Tougher Singapore crypto regulations kick in


SINGAPORE – Singapore ramped up crypto exchange regulations in a bid to curb money laundering and boost market confidence after a series of high-profile scandals rattled the sector.

The city-state’s central bank last month said digital token service providers (DTSPs) that served only overseas clients must have a licence to continue operations past June 30 — or close up shop.

The Monetary Authority of Singapore in a subsequent statement added that it has “set the bar high for licensing and will generally not issue a licence” for such operations.

Singapore, a major Asian financial hub, has taken a hit to its reputation after several high-profile recent cases dented trust in the emerging crypto sector.

These included the collapse of cryptocurrency hedge fund Three Arrows Capital and Terraform Labs, which both filed for bankruptcy in 2022. 
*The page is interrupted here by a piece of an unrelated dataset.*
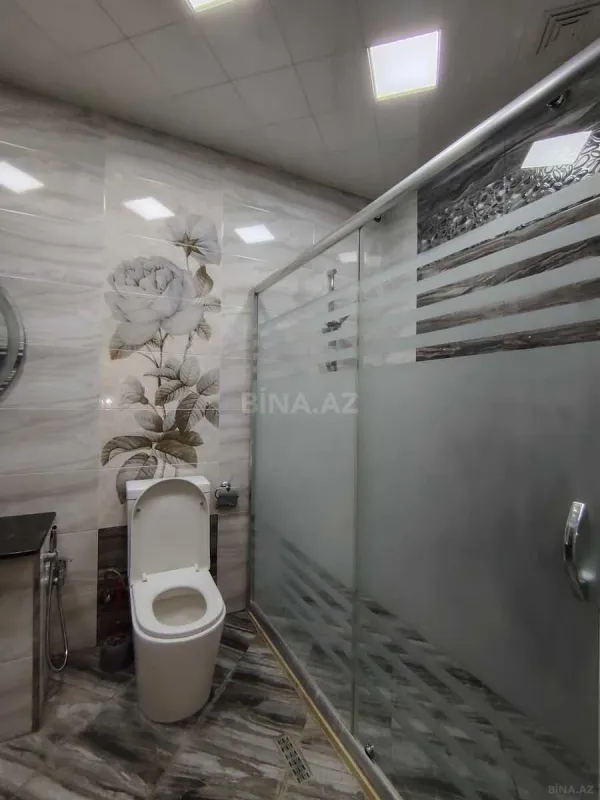 Satılır 4 otaqlı mənzil 180 m²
“The money laundering risks are higher in such business models and if their substantive regulated activity is outside of Singapore, the MAS is unable to effectively supervise such persons,” the central bank said, referring to firms serving solely foreign clients.

Analysts welcomed the move to tighten controls on crypto exchanges. 

“With the new DTSP regime, MAS is reinforcing that financial integrity is a red line,” Chengyi Ong, head of Asia Pacific policy at crypto data group Chainalysis, told AFP.

“The goal is to insulate Singapore from the reputational risk that a crypto business based in Singapore, operating without sufficient oversight, is knowingly or unknowingly involved in illicit activity.”

Law firm Gibson, Dunn & Crutcher said in a comment on its website that the move will “allow Singapore to be fully compliant” with the requirements of the Financial Action Task Force, the France-based global money laundering and terrorist financing watchdog.